DEVLET SÜRECE DENK ADIMLAR ATMALI

PKK’nin sürece denk düşecek adımları hızlıca attığını belirten Ümit, alınan kararlar karşısında devletin de değişim ve dönüşüme açık olması ve buna göre adımları atması gerektiğini söyledi.

Ümit bu konuda şu ifadeleri kullandı:

“Bunda bir dönüşüm gerçekleşmezse, bu kararların pratikleşmesi mümkün değildir. Biz istediğimiz kadar, ‘Demokratik siyaset yapacağız” diyelim. Yollar açılmazsa nasıl yapacağız. Bunun yasaları çıkmazsa, biz istediğimiz kadar diyelim, böyle bir gelişme yaratacağız, fakat Önder Apo İmralı’da tutsak konumunda kalsın!  Bahsettiğim mekan olarak İmralı değil. Biz onu da reddediyoruz. İmralı sistemi. Halen görüşmeler izin dahilindedir. İki dudağın arasındadır. İzin verdi gitti, izin vermedi gitmedi. Ama biz, ‘Önder Apo’nun bu süreci yönetmesi temelinde biz bu adımları atarız, atıyoruz’ dedik.

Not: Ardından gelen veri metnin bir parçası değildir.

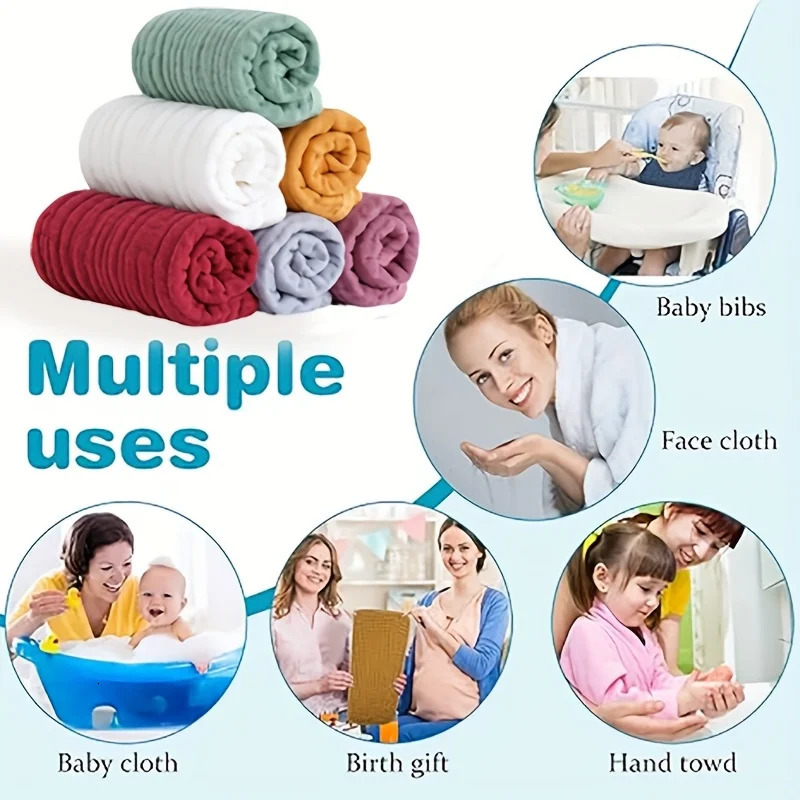 6pcs Baby Burp Cloths Large 6Layer Absorbent Cotton born Feeding Towel Soft Durable for Infants Multipurpose Vibrant Colors 250725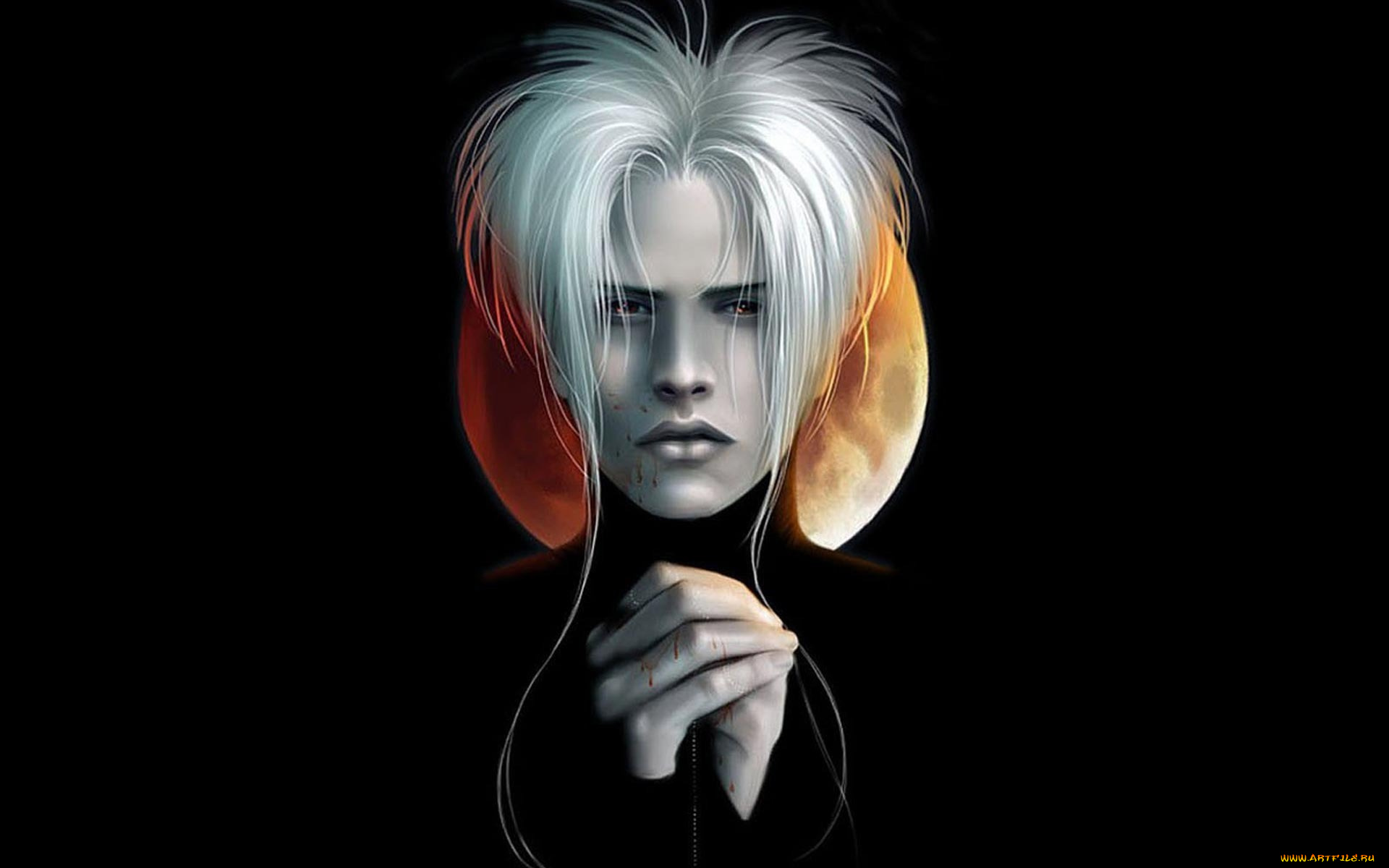 фэнтези, вампиры, вампир, лицо, кровь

Fiziki özgürlüğü temelinde bunun hukuki karşılığı umut hakkı mı oluyor, öyleyse umut hakkı değilse özel yasa.”

AKP-MHP iktidarının bu adımlar noktasında “Bizim bu gücümüz yok” durumunda olmadığını belirten Ümit, iktidar cephesinden adım atılmıyorsa bunun “niyetle” alakalı olduğunu söyledi ve “Eğer bu konuda adımlar atılmıyorsa, sonunda gelip sorguladığımız konu niyet konusu oluyor” dedi.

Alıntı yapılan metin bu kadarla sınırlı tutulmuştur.